Dr. Ofili has been continuously funded by the National Institute of Health (NIH) since 1994, with a track record of growing the clinical research infrastructure and training programs at Morehouse with awards totaling over $175 million. Furthermore, mentorship and training in terms of workforce development is a big part of Dr. Ofili’s work, and she serves as Principal Investigator of the National Research Mentoring Network, a component of the NIH Diversity Consortium and collaboration, training practitioners and scientists with the aims of diversifying the biomedical research workforce. She is globally recognized for her expertise in cardiovascular health disparities in the African-American community, and in 2016, was inducted into the National Academy of Medicine, one of the highest honors for a physician.
How She’s Opening Doors for Others
Having grown up in a small village in Nigeria, Dr. Ofili came from humble beginnings and was only able to achieve the career success that she has, because her family invested in her education – her late father Chief Gregory Ofili gave her his entire pension (he worked at the time for the US government as a librarian) to pay for her to travel to the United States and attend Johns Hopkins University to continue her medical studies and pursue her Masters in Public Health – and her mother, Chief Mrs. Felicia Ofili returned to school after raising 7 children to study midwifery in Nigeria and help support the family.
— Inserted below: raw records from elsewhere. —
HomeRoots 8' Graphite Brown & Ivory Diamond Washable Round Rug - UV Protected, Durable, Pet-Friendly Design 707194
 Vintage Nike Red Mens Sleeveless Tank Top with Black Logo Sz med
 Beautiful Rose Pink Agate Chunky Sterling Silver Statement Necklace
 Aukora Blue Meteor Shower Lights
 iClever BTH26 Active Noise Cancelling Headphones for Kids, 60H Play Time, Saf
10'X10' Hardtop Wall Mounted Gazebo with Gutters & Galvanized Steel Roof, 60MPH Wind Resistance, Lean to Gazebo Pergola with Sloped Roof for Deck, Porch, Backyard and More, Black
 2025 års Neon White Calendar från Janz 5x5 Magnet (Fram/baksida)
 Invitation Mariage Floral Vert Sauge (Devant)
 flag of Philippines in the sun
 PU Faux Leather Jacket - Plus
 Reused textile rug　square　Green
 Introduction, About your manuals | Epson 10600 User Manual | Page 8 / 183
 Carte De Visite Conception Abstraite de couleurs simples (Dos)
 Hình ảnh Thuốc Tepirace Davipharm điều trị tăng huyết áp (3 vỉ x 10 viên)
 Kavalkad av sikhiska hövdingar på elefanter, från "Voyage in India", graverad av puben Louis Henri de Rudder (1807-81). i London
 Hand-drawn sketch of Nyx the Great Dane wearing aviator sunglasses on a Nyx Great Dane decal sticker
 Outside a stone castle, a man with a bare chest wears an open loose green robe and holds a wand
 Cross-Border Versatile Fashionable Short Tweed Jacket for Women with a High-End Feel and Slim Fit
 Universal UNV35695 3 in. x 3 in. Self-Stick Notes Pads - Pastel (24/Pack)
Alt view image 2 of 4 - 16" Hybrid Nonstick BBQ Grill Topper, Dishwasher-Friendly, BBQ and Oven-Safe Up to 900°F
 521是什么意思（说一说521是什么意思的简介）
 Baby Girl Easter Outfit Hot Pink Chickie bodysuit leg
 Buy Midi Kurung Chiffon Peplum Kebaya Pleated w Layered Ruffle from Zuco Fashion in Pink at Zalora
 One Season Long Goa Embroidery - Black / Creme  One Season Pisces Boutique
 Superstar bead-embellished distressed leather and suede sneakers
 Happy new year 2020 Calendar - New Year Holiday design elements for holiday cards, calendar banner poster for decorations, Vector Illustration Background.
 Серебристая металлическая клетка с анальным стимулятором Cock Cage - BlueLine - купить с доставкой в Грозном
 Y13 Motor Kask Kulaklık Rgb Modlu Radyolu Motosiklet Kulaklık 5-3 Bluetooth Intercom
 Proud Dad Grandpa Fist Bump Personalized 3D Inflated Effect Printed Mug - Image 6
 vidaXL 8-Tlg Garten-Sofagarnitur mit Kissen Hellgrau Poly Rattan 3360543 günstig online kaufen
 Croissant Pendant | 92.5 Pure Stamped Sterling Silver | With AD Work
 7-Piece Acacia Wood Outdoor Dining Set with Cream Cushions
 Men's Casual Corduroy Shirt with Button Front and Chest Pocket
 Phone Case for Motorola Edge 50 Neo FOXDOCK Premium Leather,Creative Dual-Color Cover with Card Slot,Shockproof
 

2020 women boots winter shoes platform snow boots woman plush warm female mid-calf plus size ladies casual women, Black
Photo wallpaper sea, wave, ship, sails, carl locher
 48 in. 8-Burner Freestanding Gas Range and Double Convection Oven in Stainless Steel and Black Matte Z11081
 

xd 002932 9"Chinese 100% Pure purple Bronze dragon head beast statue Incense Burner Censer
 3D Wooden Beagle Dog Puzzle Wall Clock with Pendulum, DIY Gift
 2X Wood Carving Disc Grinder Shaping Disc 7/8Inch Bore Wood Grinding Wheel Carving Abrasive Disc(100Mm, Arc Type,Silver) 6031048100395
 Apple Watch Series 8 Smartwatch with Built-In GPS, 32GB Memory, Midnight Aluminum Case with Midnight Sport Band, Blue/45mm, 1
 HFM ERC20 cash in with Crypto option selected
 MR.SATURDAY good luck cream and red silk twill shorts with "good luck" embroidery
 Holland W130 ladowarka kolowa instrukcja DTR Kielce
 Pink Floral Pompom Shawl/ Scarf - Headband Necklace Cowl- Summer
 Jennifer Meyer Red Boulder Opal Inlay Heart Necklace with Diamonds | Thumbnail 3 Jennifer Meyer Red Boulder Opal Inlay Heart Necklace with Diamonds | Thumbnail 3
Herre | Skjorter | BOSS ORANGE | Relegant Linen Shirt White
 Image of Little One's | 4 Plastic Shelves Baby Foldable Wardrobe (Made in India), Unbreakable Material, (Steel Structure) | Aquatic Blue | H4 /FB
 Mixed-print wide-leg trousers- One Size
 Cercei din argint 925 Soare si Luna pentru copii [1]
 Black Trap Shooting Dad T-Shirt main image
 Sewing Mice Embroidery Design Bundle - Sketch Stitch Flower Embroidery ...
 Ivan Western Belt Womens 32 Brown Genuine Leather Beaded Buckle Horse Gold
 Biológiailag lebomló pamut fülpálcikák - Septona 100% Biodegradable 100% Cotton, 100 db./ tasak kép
To pay it forward and create opportunities for young girls to also get engaged in science and medicine, she founded the Chief Gregory and Chief Mrs. Felicia Ofili (CGFO) Foundation in 2012. In collaboration with local community leaders and educators, CGFO prioritizes the education of girls as a vehicle for social change and community economic development.
To date, with the generous support of companies like Arbor Pharmaceuticals and Alliant Health Solutions and patrons like Dr. Shaquille O’Neal, CGFO has transformed three dilapidated science labs in the local village of Ebu, Nigeria, and constructed new facilities that offer experiential learning and hands-on curriculum for middle school students in the area
The organization also funds yearly scholarships for disadvantaged students, and is laying plans for the development of a solar-powered tech hub that offers distance learning and links to other educational resources, independent of the power grid. They are seeking to expand their work to provide more community-based grants and educational infrastructure in Nigeria moving forward.
Through CGFO, Dr. Ofili hopes to honor her parents, who always believed in her and told her she could achieve anything. CGFO seeks to bring that vision to thousands more girls and change lives with education.